What you have to do → Extract, word for word, each line from the line holding "K线猎手 Tems Africa ICT Expo 2026年非洲通讯及消费电子展览会" through the end of the records. Omit every picture.

/---

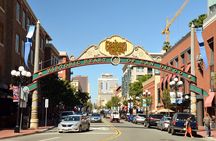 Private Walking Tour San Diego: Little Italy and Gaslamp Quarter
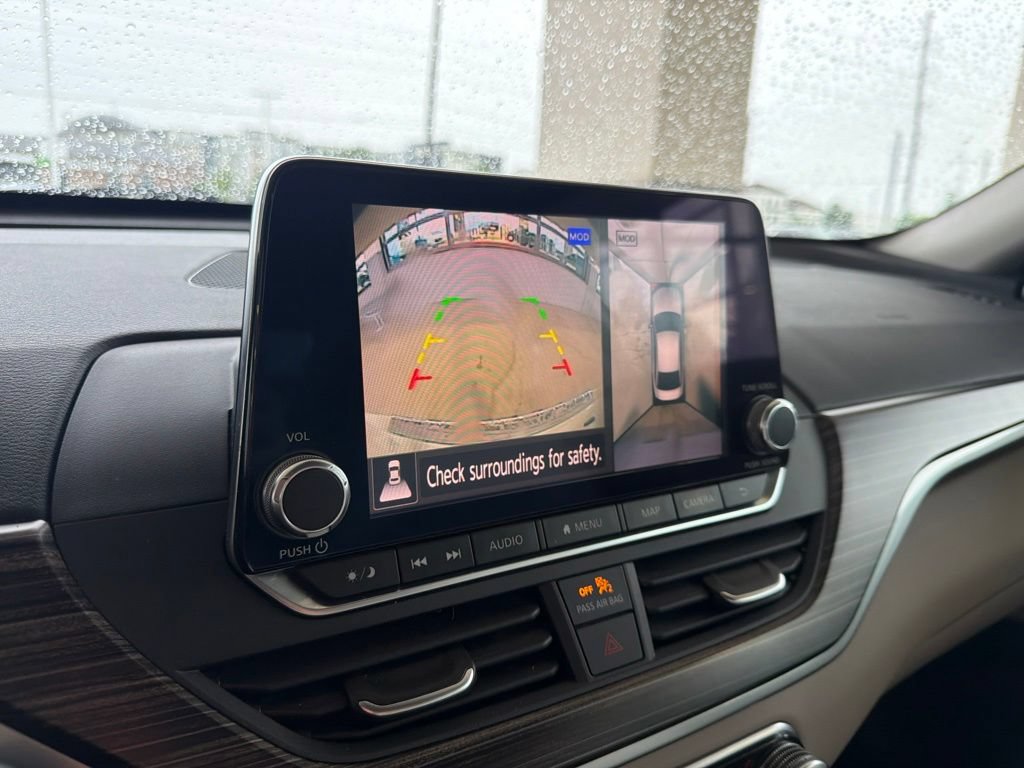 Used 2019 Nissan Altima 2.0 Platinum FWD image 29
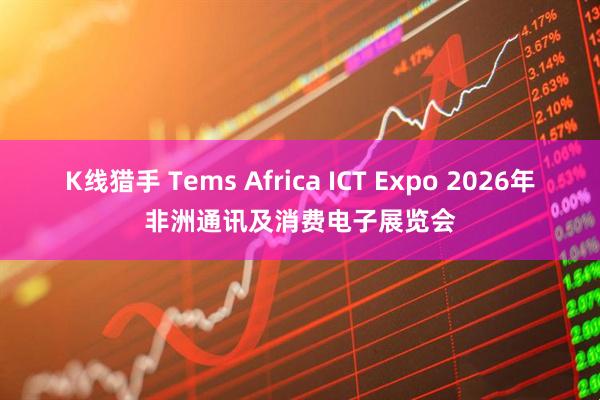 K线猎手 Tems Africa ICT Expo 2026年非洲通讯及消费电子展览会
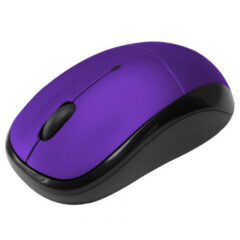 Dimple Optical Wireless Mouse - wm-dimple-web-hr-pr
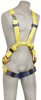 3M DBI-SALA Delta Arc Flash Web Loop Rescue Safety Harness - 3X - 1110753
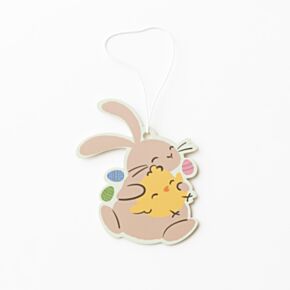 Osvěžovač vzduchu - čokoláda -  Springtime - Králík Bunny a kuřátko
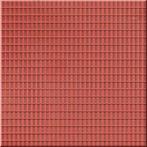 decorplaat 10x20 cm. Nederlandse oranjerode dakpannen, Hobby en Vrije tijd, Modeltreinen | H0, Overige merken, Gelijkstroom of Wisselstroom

\---

Solution to this problem →
 K线猎手 Tems Africa ICT Expo 2026年非洲通讯及消费电子展览会
 Dimple Optical Wireless Mouse - wm-dimple-web-hr-pr
 3M DBI-SALA Delta Arc Flash Web Loop Rescue Safety Harness - 3X - 1110753
 Osvěžovač vzduchu - čokoláda -  Springtime - Králík Bunny a kuřátko
 decorplaat 10x20 cm. Nederlandse oranjerode dakpannen, Hobby en Vrije tijd, Modeltreinen | H0, Overige merken, Gelijkstroom of Wisselstroom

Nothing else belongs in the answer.